PUNE, OCT 12: With Nationalist Congress Party chief Sharad Pawar playing the power game for control of the State, his bastion watches with some amount of apprehension.The sugar barons, including some who make the Nationalist Congress Party's Assembly contingent of 58, believe that an end to the crisis in the State will be in sight once Atal Behari Vajpayee takes charge at the Centre on Wednesday.
"As of today, we (NCP) are only talking to Congress leaders. At least that is the official position," an NCP MLA told this reporter. "I too am waiting like you. What else can one do? We have decided not to speak to the press," he said, but went on to add that the Congress and the NCP were likely to buy time till Wednesday.
But there was no denying the anxiety among a section of Pawar-supporters in western Maharashtra over reports that the NCP boss is planning to even shake hands with the National Democratic Alliance (NDA).
An NCP man from Kolhapur indicated that any deal with the NDA would not be welcome."Disagreement within is possible and it could snowball into a problem for the party. It will be rather difficult to be with the saffron alliance," he said.
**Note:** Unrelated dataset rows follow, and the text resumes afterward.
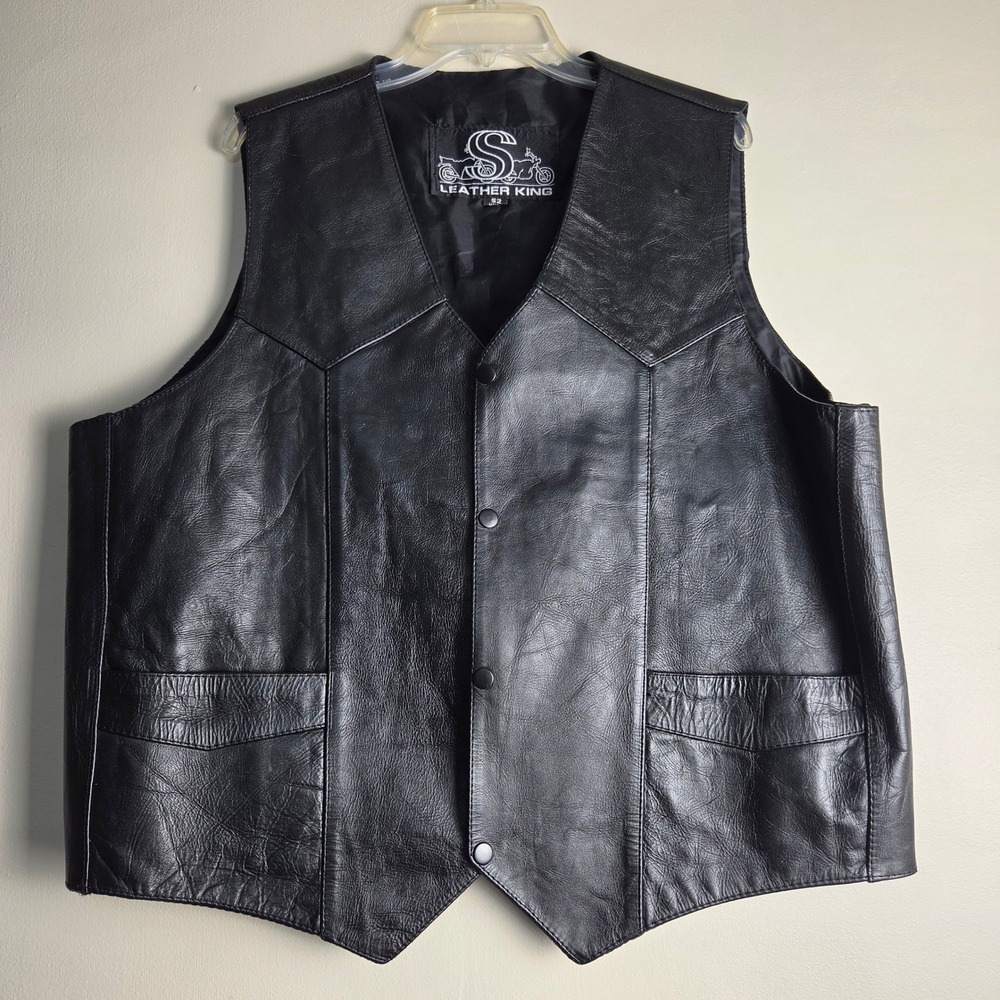 Leather King Mens Black Leather Biker Vest Snap Front Size 52 Western Yoke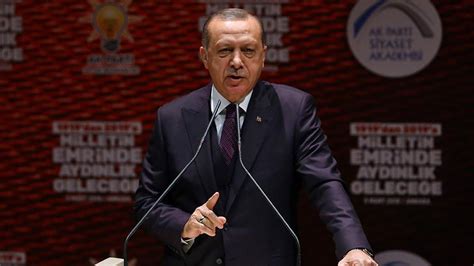 T­ü­r­k­i­y­e­ ­S­i­y­a­s­e­t­i­n­d­e­ ­G­ü­n­e­ ­D­a­m­g­a­s­ı­n­ı­ ­V­u­r­a­n­ ­S­ö­z­l­e­r­:­ ­­E­z­m­â­n­ı­n­ ­T­a­g­a­y­y­ü­r­ü­ ­i­l­e­ ­A­h­k­â­m­ı­n­ ­T­a­g­a­y­y­ü­r­ü­ ­İ­n­k­â­r­ ­O­l­u­n­a­m­a­z­­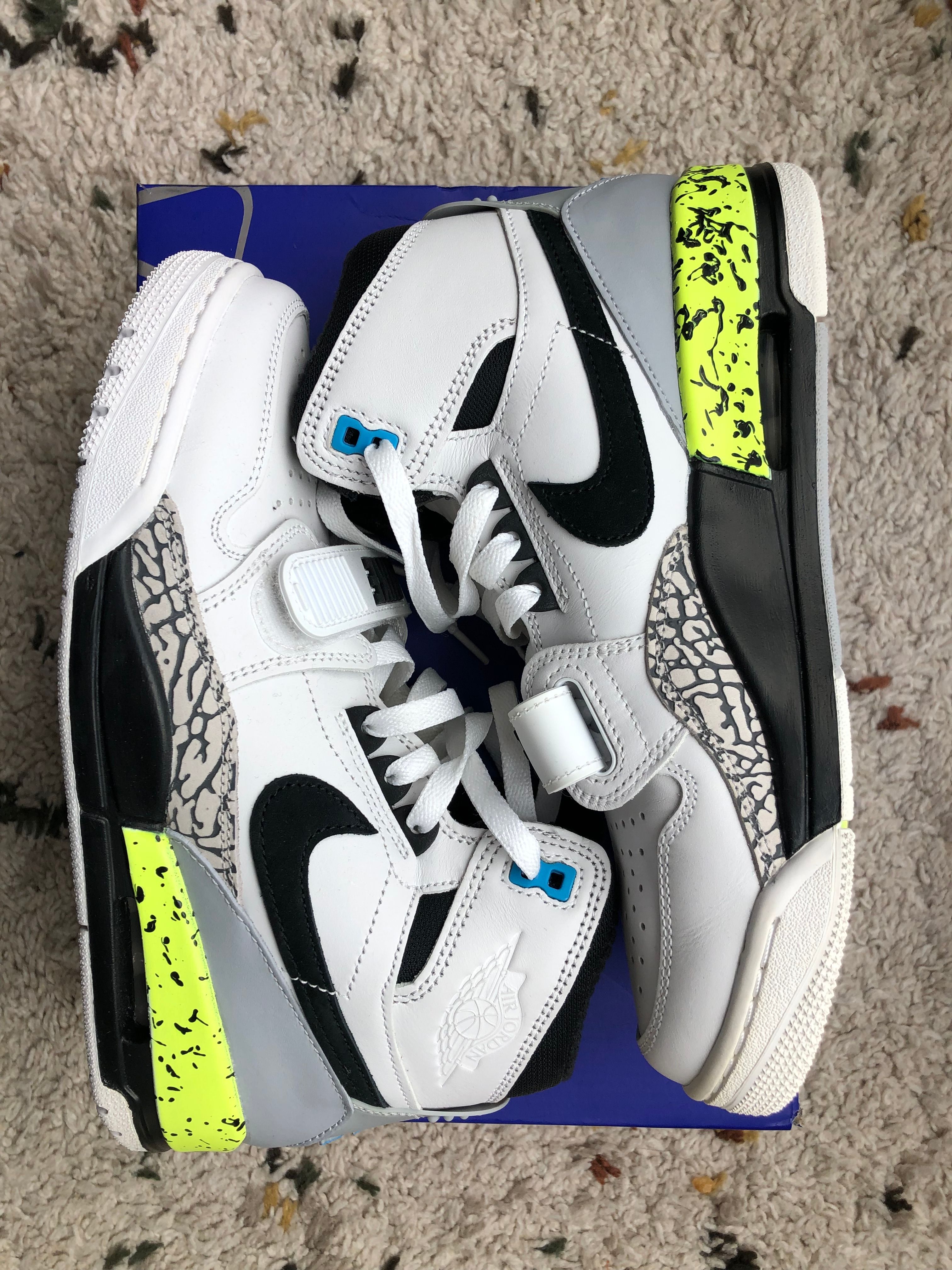 DON C × NIKE JORDAN LEGACY 312 BLACK-VOLT-VIVID BLUE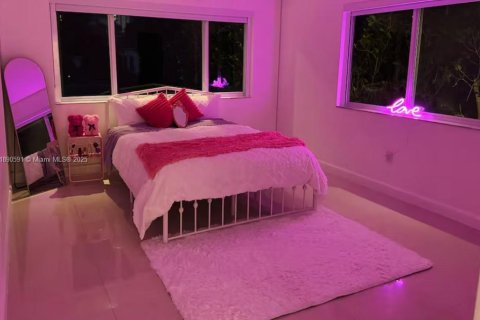 Villa ou maison à louer à Surfside, Floride: 4 chambres, 260.13 m2 № 1951243 - photo 20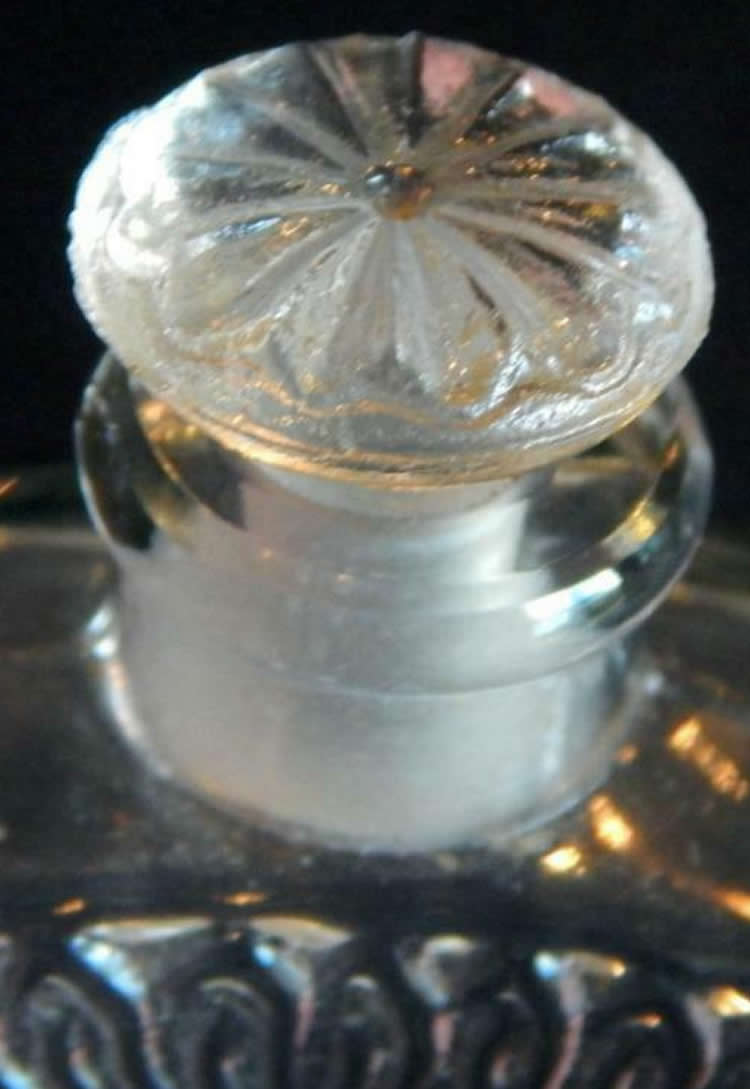R. Lalique Pavots d'Argent Perfume Bottle 2 of 2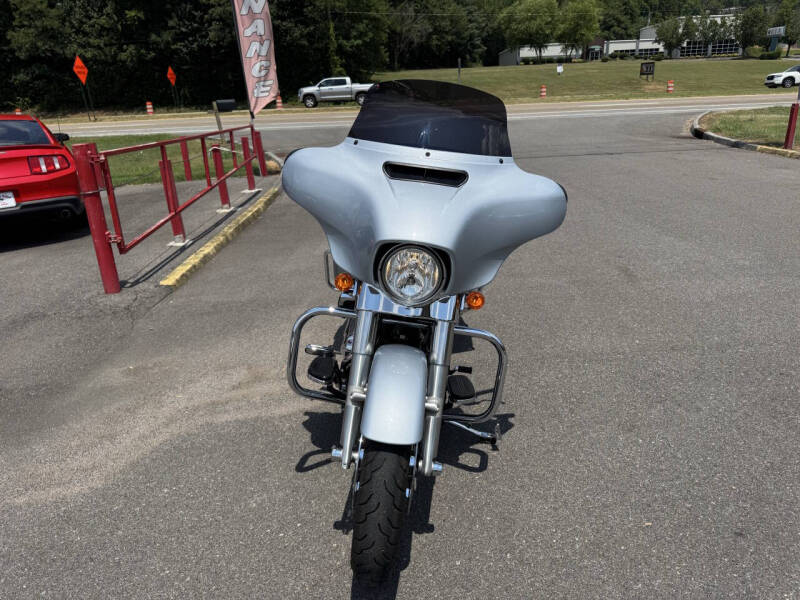 2023 Harley-Davidson Street Glide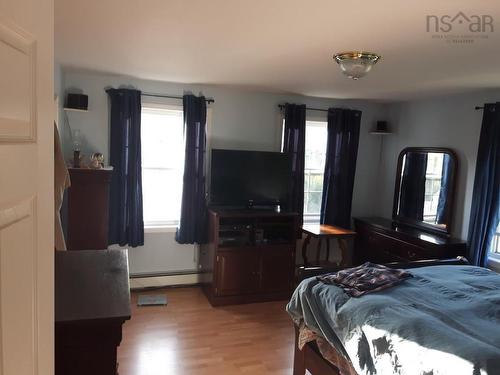 19 Walkerville Rd., Walkerville, NS 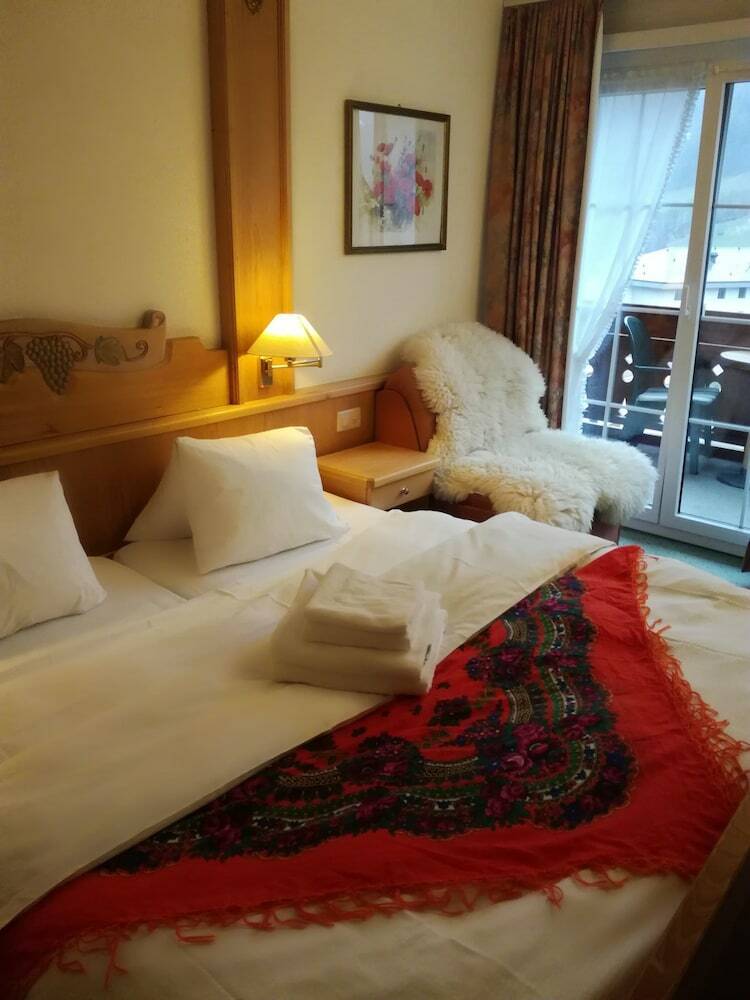Hotel Grichting Und Badnerhof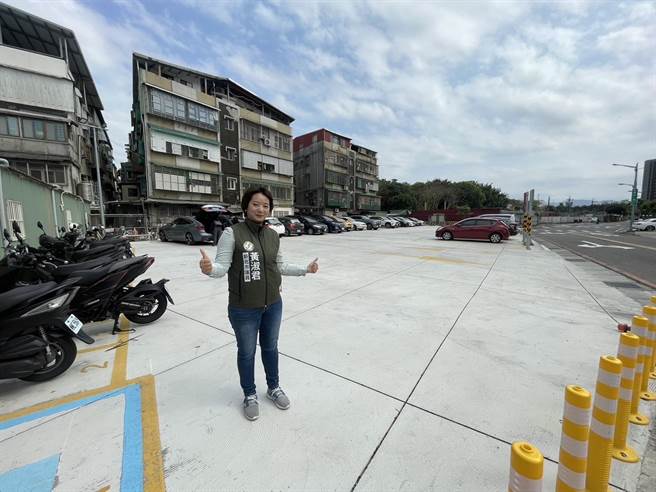 民進黨新北市議員黃淑君今指出，新北市幅員遼闊，轄內公共路外停車場數有268處，但是服務人力僅有260人，流動率高，要求成立停管處。（新北市議員黃淑君提供）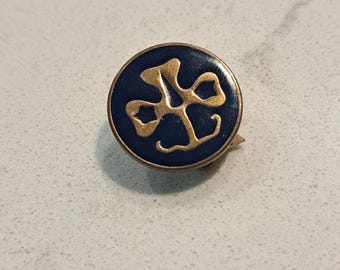 Pin vintage de la Asociación Mundial del Trébol de las Girl Scouts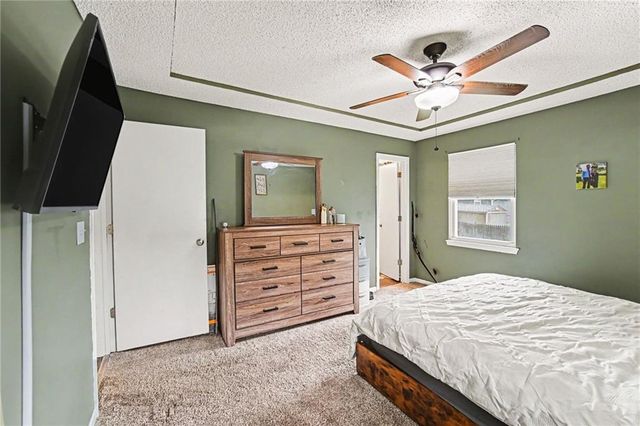 201 Cross Creek Drive, Grain Valley, MO 64029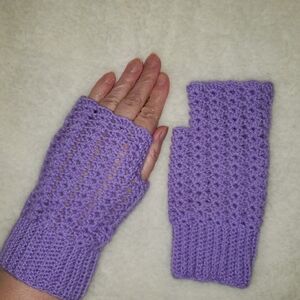 Purple Crochet Fingerless Gloves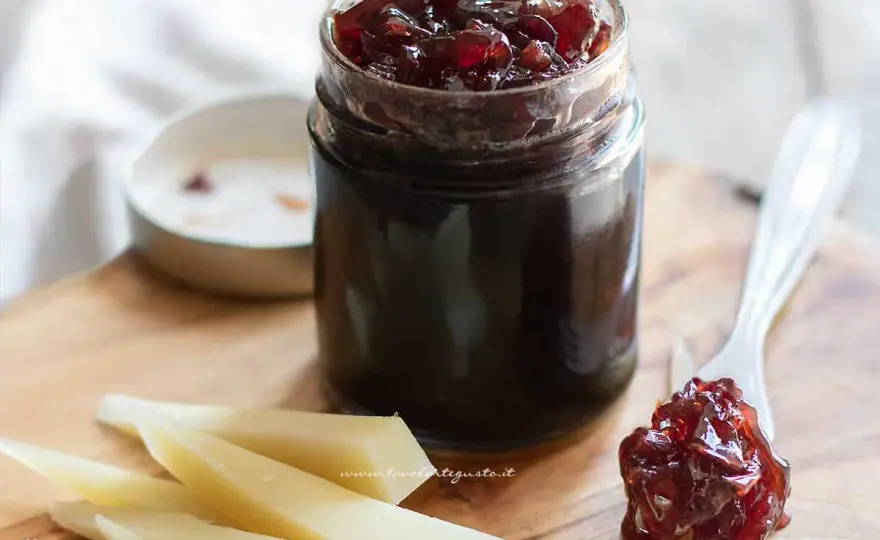 Marmellata di cipolle rosse, ricetta e abbinamenti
This was despite Pawar's claim on Monday that he saw "something good emerging out of the talks with Congress on the formation of a new government in the State".
Pawar, who has been snubbed elsewhere in the State, has seven Lok Sabha MPs (including himself) and 35 (out of NCP's 58) Assembly members. The NCP swept the polls in Satara where all its candidates won, except in Karad south assembly seat. It won five assembly seats each in Kolhapur and Sangli districts and seven in Pune. The Republican Party of India (Athawale faction), an NCP ally, won the Pandharpur Lok Sabha seat.
Now that he is being called a adich zilhyancha raja (a ruler of two-and-half districts in the State), NCP-supporters and some Pawar sympathisers believe that if he decides to join hands with the NDA, it will be suicidal. "It will be a blunder like the one he made when hejoined Rajiv Gandhi's Congress in 1986," they said. The only good option, an NCP MLA conceded, was to sit in the Opposition.